# [WORK INSTRUCTION]
Exactly the lines from the first line of the records to the line holding "Rustic Wood Hello" should be duplicated, and nothing more; pictures stay out.
━━ SUPPLIED RECORDS
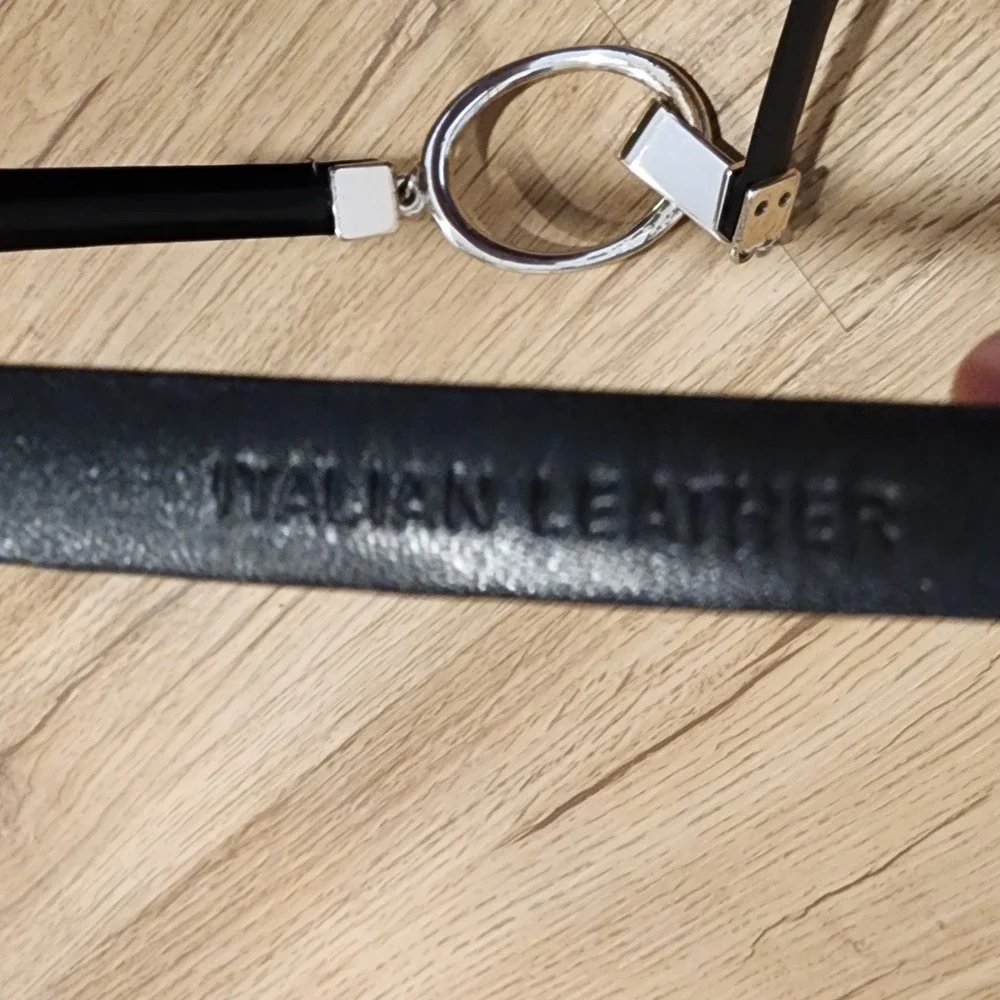 VTG Ralph Lauren Black Italian Leather Skinny O-Ring Belt S/M Equestrian Luxury - Picture 5 of 7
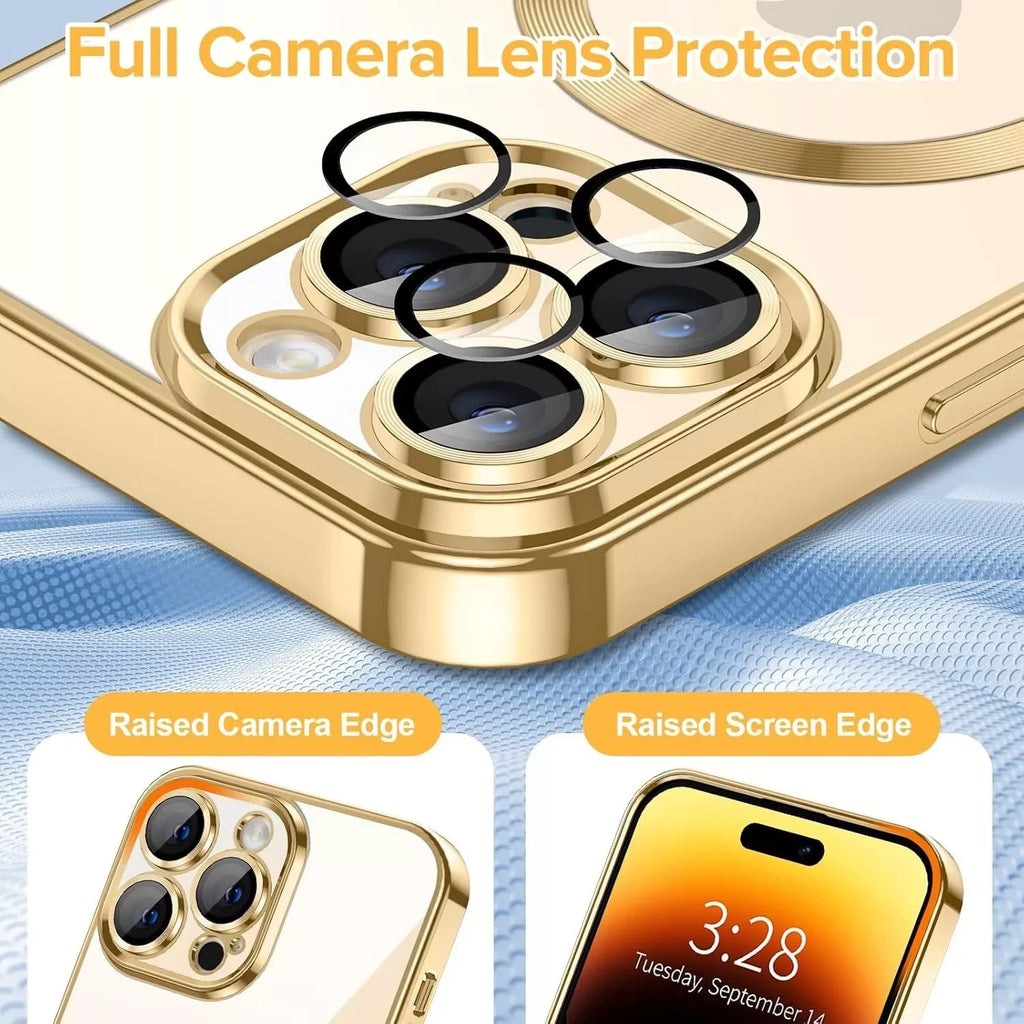 Lens Glass + Magsafe Case for Iphone 17 Pro Max 16 Pro 16E 15 plus 14 13 12 SE 7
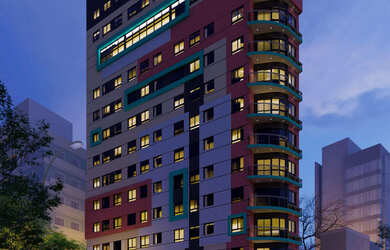 Imagem: O studio possui 1 Dormitório, 1 Banheiro, 24m² de Área e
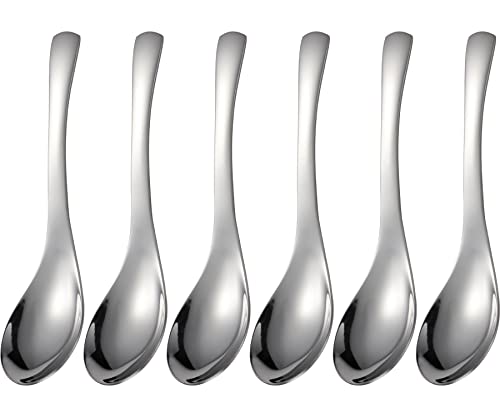 Soup Spoons Stainless Steel Asian Soup Spoon Set Of 6 Heavy-Weight Round Table Spoons Mirror Polished Silver Ramen Spoons #TOP3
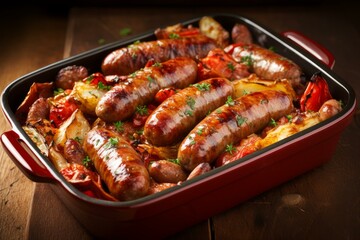 Detailed Sausage grill photo. Cooked cuisine. Generate Ai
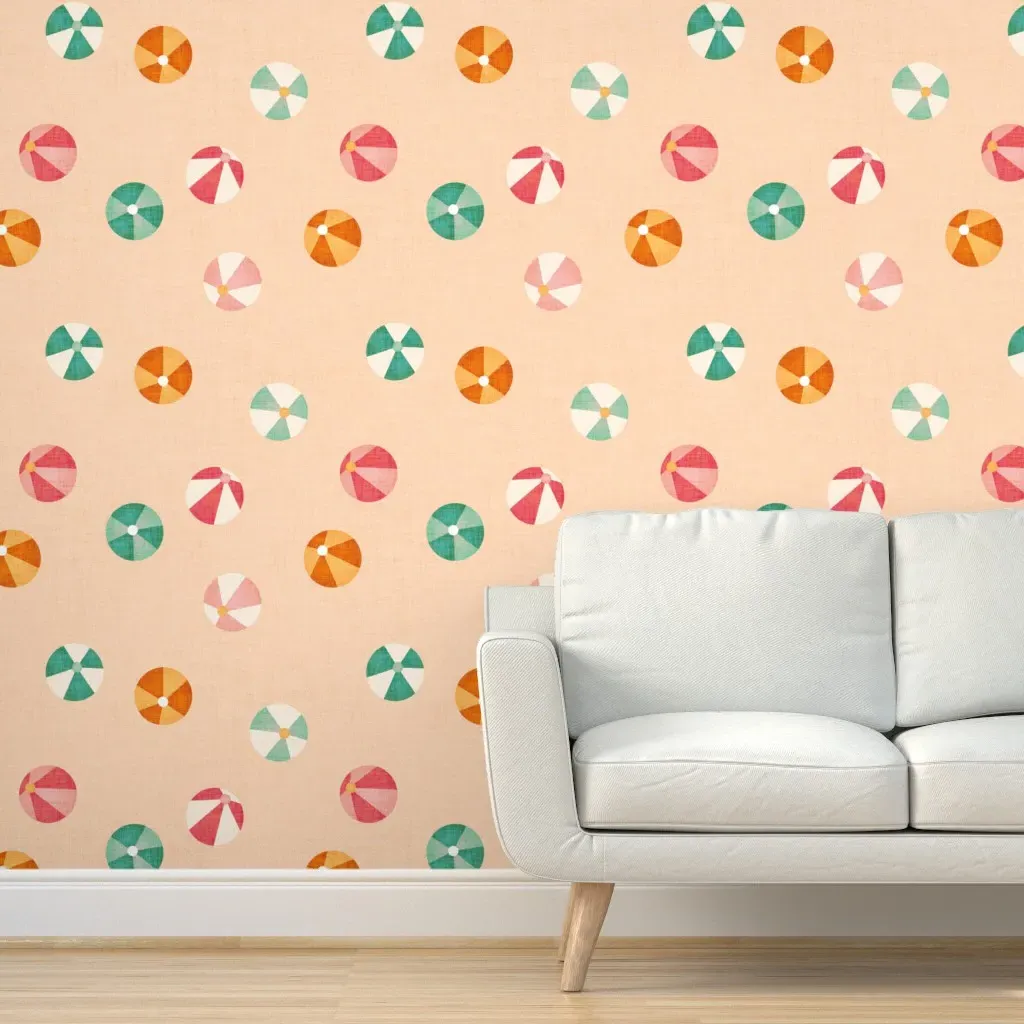 Retro Beachball Large Peel and Stick Wallpaper - Peach product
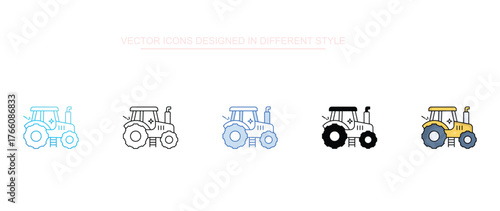 Tractor icon design with white background stock illustration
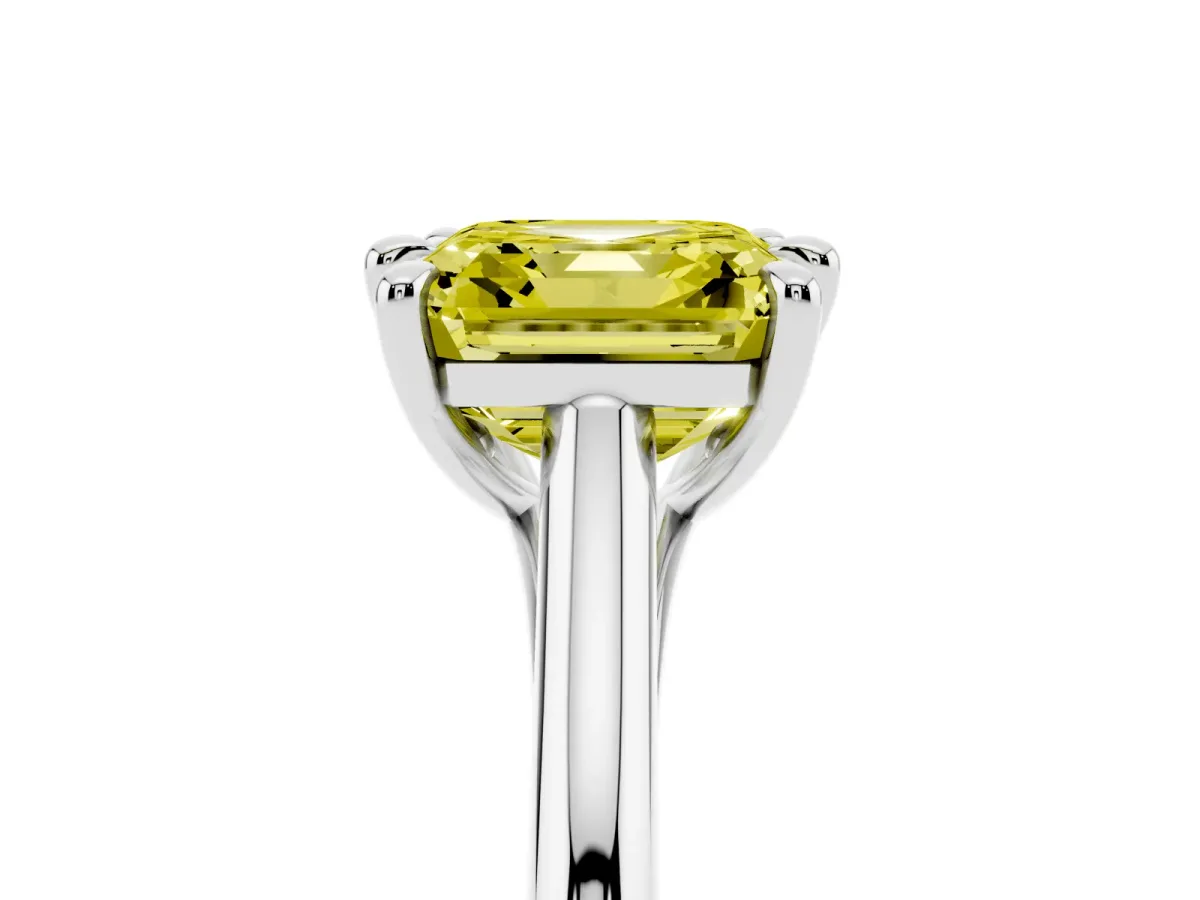 Fancy Yellow Asscher Cut Solitaire Engagement Ring with Six-Prong Setting and Classic Band Silver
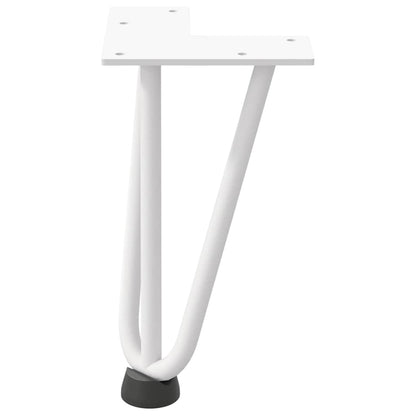 Gambe per Tavolo a Forcina 4 pz Bianco 20 cm Acciaio Massiccio - homemem39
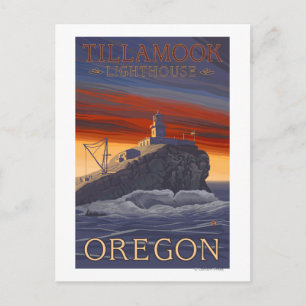Tillamook Lighthouse Vintage Travel Poster Postkarte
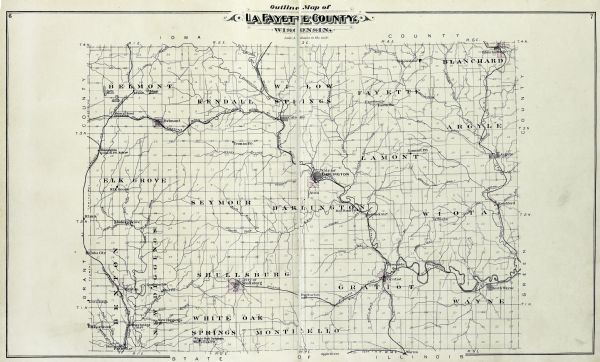 A plat map of Lafayette County in Wisconsin.
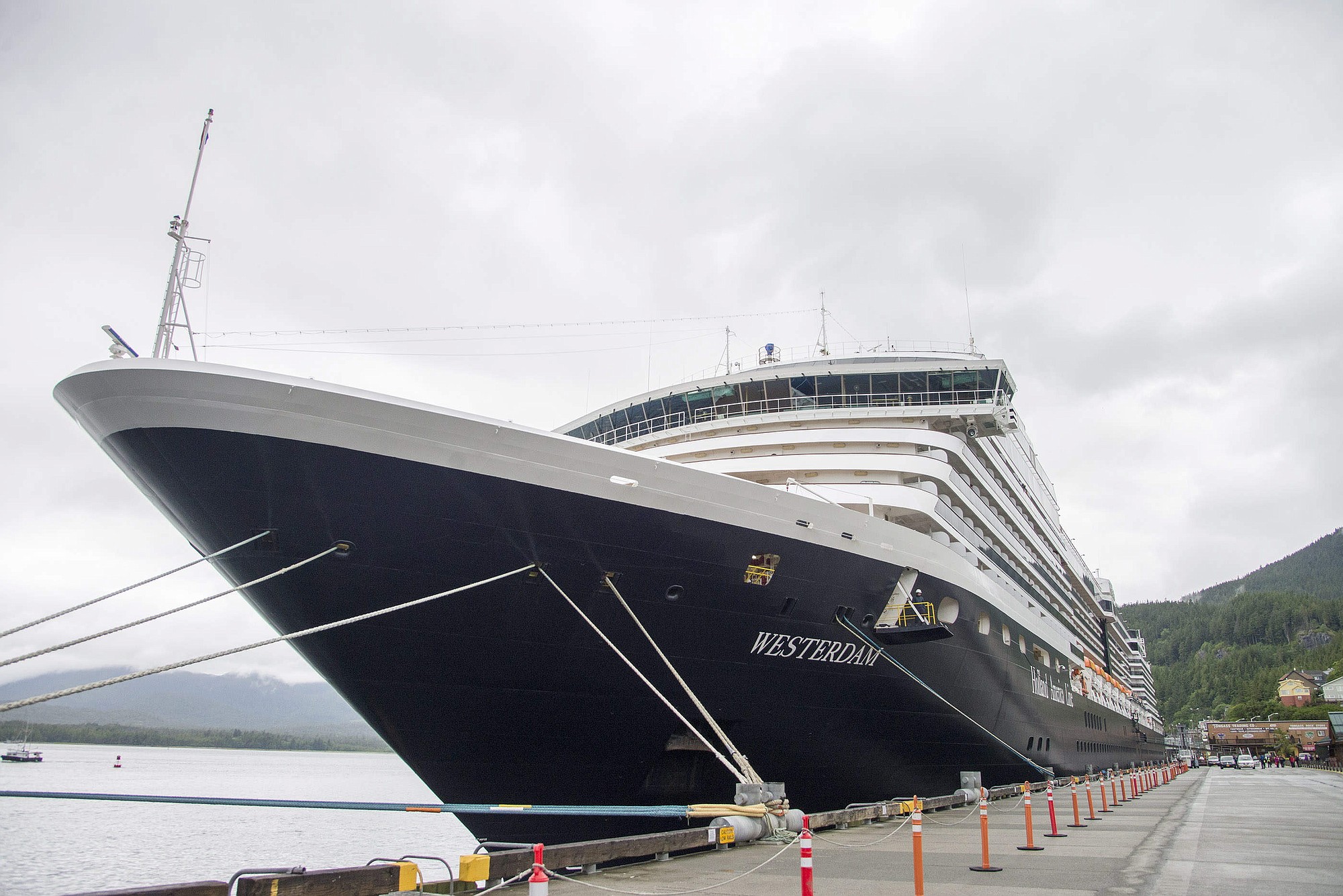 The Holland America Line cruise ship Westerdam sits in dock in Ketchikan, Alaska, on Thursday.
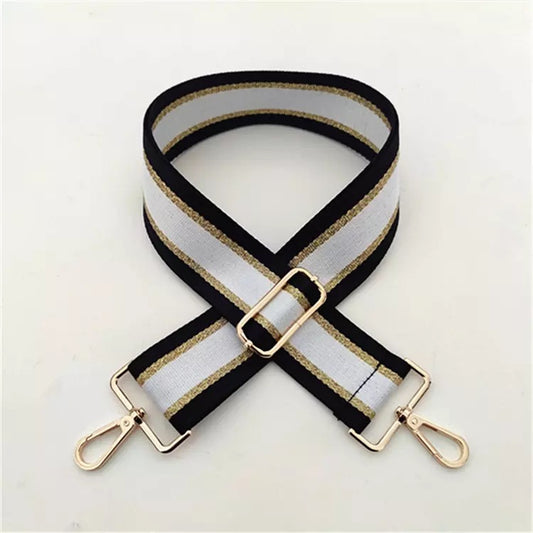 Handbag Shoulder Straps - Adjustable Bag Straps - Black/White/Gold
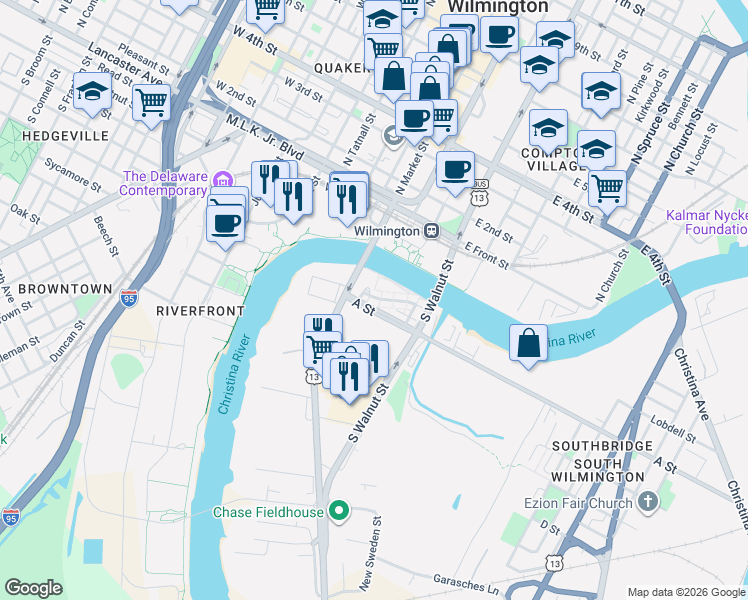 map of restaurants, bars, coffee shops, grocery stores, and more near 147 Christina Landing Drive in Wilmington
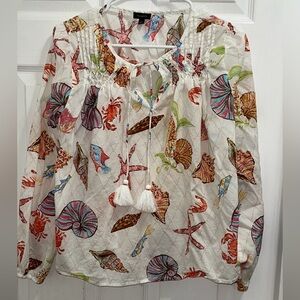 Talbot Pin Tucked Tie Front Under the Sea Peasant Blouse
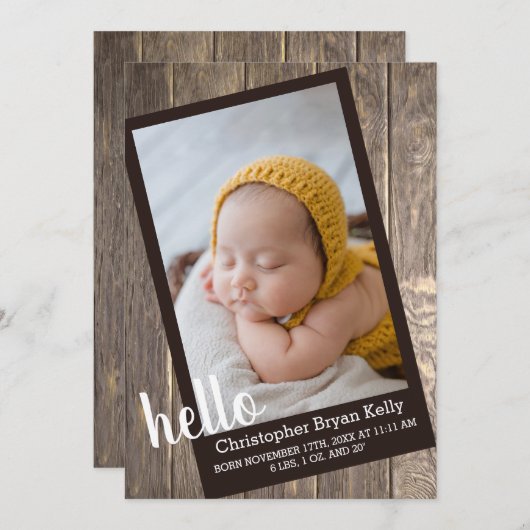 Rustic Wood Hello Birth Ankündigung (Vorne/Hinten)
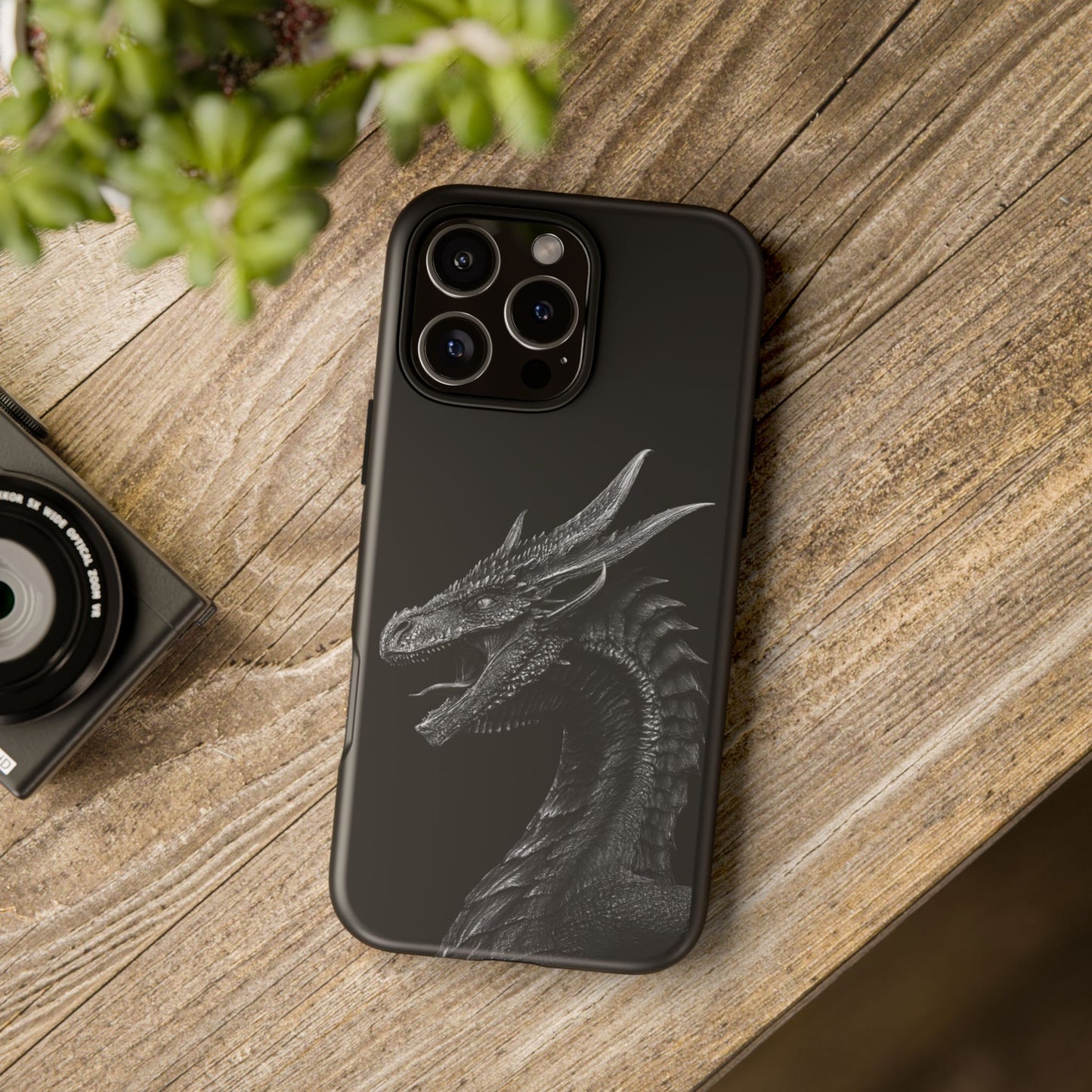 Black & White Dragon (iPhone X - iPhone 17 Pro Max) [TOUGH CASE]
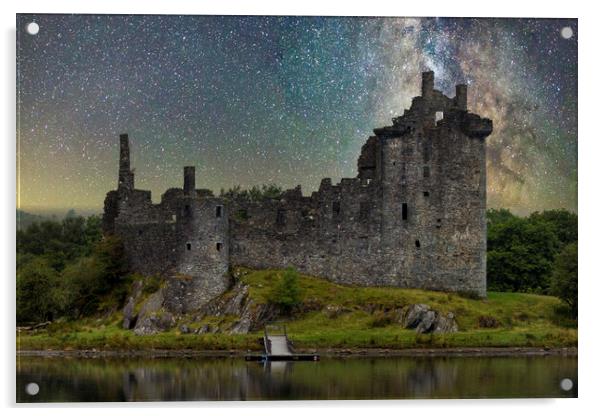 Kilchurn Castle under The Milky Way Acrylic by Derek Beattie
━━━━
# [EXERCISE ANSWER]
 VTG Ralph Lauren Black Italian Leather Skinny O-Ring Belt S/M Equestrian Luxury - Picture 5 of 7
 Lens Glass + Magsafe Case for Iphone 17 Pro Max 16 Pro 16E 15 plus 14 13 12 SE 7
 Imagem: O studio possui 1 Dormitório, 1 Banheiro, 24m² de Área e
 Soup Spoons Stainless Steel Asian Soup Spoon Set Of 6 Heavy-Weight Round Table Spoons Mirror Polished Silver Ramen Spoons #TOP3
 Detailed Sausage grill photo. Cooked cuisine. Generate Ai
 Retro Beachball Large Peel and Stick Wallpaper - Peach product
 Tractor icon design with white background stock illustration
 Fancy Yellow Asscher Cut Solitaire Engagement Ring with Six-Prong Setting and Classic Band Silver
 Gambe per Tavolo a Forcina 4 pz Bianco 20 cm Acciaio Massiccio - homemem39
Tillamook Lighthouse Vintage Travel Poster Postkarte
 A plat map of Lafayette County in Wisconsin.
 The Holland America Line cruise ship Westerdam sits in dock in Ketchikan, Alaska, on Thursday.
 Handbag Shoulder Straps - Adjustable Bag Straps - Black/White/Gold
 map of restaurants, bars, coffee shops, grocery stores, and more near 147 Christina Landing Drive in Wilmington
 Talbot Pin Tucked Tie Front Under the Sea Peasant Blouse
 Rustic Wood Hello Birth Ankündigung (Vorne/Hinten)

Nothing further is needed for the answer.